Теперь эта обязанность – поддержать отца – лежала на Нине, и она остро переживала свою беспомощность. Она упрашивала отца не пить, ругалась с ним, пыталась затащить к каким-то врачам, но все без толку.
Однажды, в трезвую минуту, он сказал ей: «Нинок, брось ты это, не пытайся меня спасать. Ты думаешь, я не понимаю, что спиваюсь? Я это делаю сознательно. А что мне остается, скажи? У меня в жизни больше ничего нет». «А я?» – с обидой воскликнула Нина. Она знала, что отец в ней души не чает, но, очевидно, этой любви было мало, чтобы наполнить его жизнь.
Нина устроилась в крупную инвестиционную фирму и окунулась в работу с головой. Она мечтала сделать быструю карьеру и тогда… Что будет тогда, она представляла смутно, но одно знала точно – она найдет возможность помочь отцу. Главное, ему нельзя было оставаться без дела. Нина мечтала, что изучит всю механику бизнеса вдоль и поперек, обзаведется связями и поможет отцу открыть собственную строительную компанию.

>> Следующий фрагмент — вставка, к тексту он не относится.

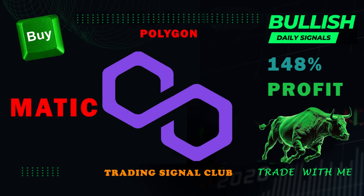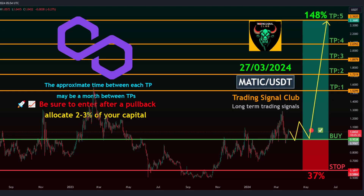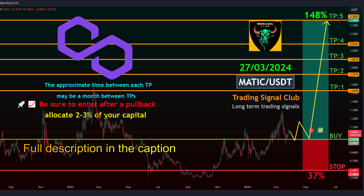Matic USDT overview. Trading style: Spot. Time frame: Mid-term. Margin mode: Isolated. Signal type: Swing trade. Target time frame: 1 month between take profits.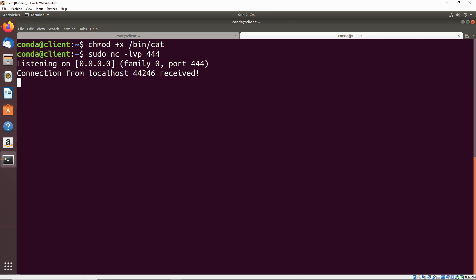And once some time has passed, we can see that we just got a connection from localhost received. And if we do who am I, we are root.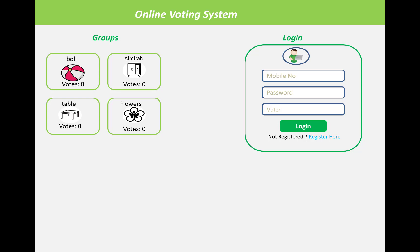Hello everyone, welcome to my channel ASP.NET Core. Today I'm going to show you an online voting system in ASP.NET Core, and we'll look at what functionality we are covering.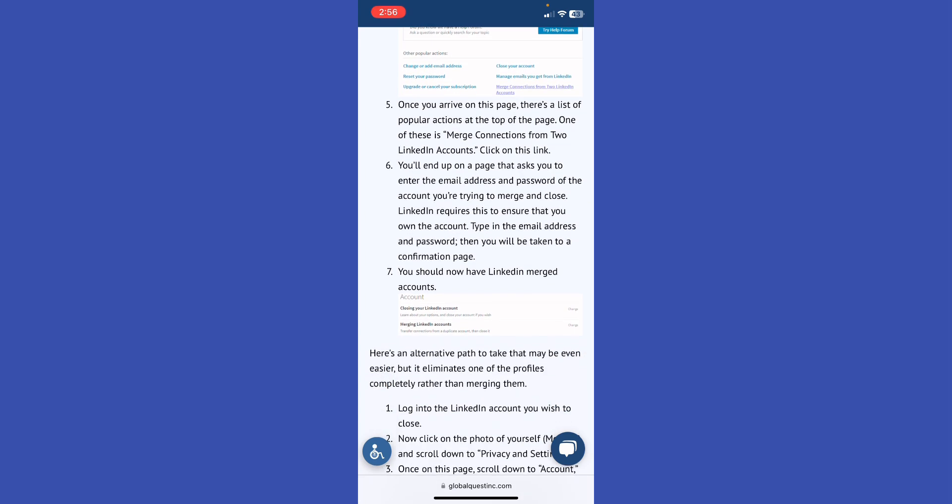You will end up on a page that asks you to enter the email address and password of the account you're trying to merge and close. LinkedIn requires this to ensure that you own that account. Type in the email address and password, and then you will be taken to a confirmation page.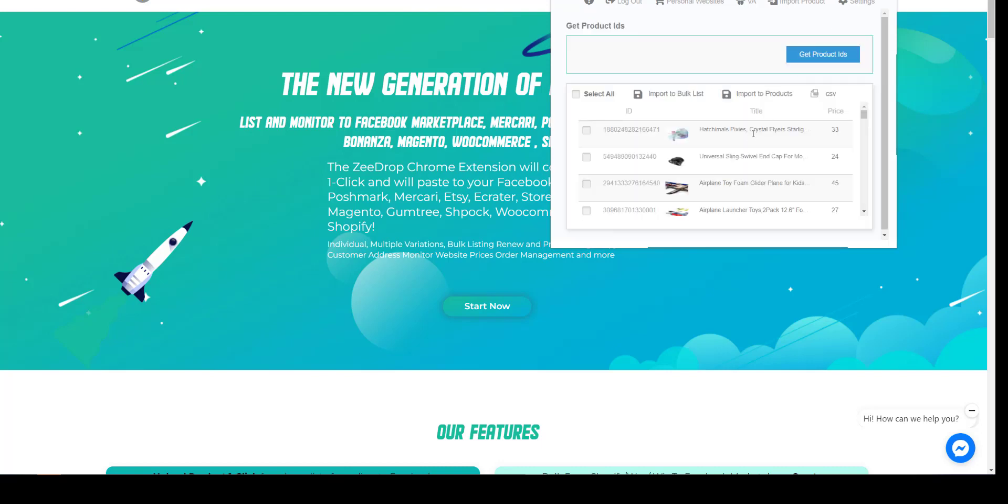So first click on the Action tab. To import all items from Facebook Marketplace, click on Get Product IDs button. It will take a few seconds.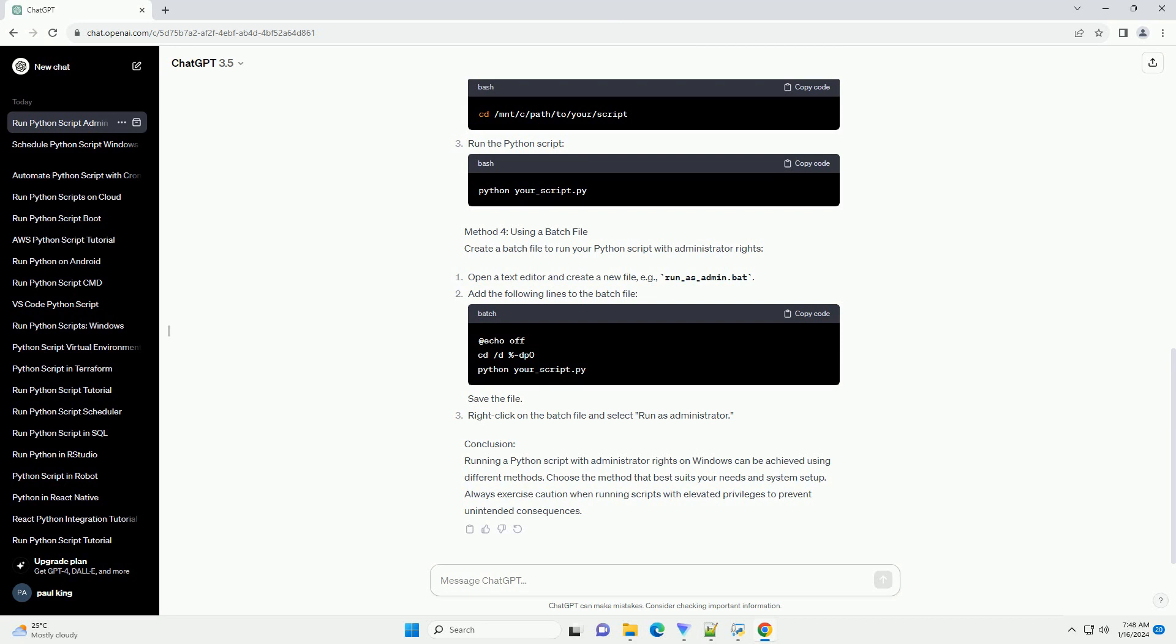Add the following lines to the batch file, save the file, then right-click on the batch file and select Run as Administrator.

Он же такой прекрасный специалист, золотая голова, у него все получится, нужно только начать! Порой в ее мечтах они вместе с отцом открывали свое дело и добивались огромных успехов. Нина сама понимала, что все это очень наивно, и была бы удивлена, если бы кто-то ей сказал, что довольно скоро отец действительно будет владеть собственным предприятием, и она, Нина, будет участвовать в его делах, а потом будет спасать его бизнес.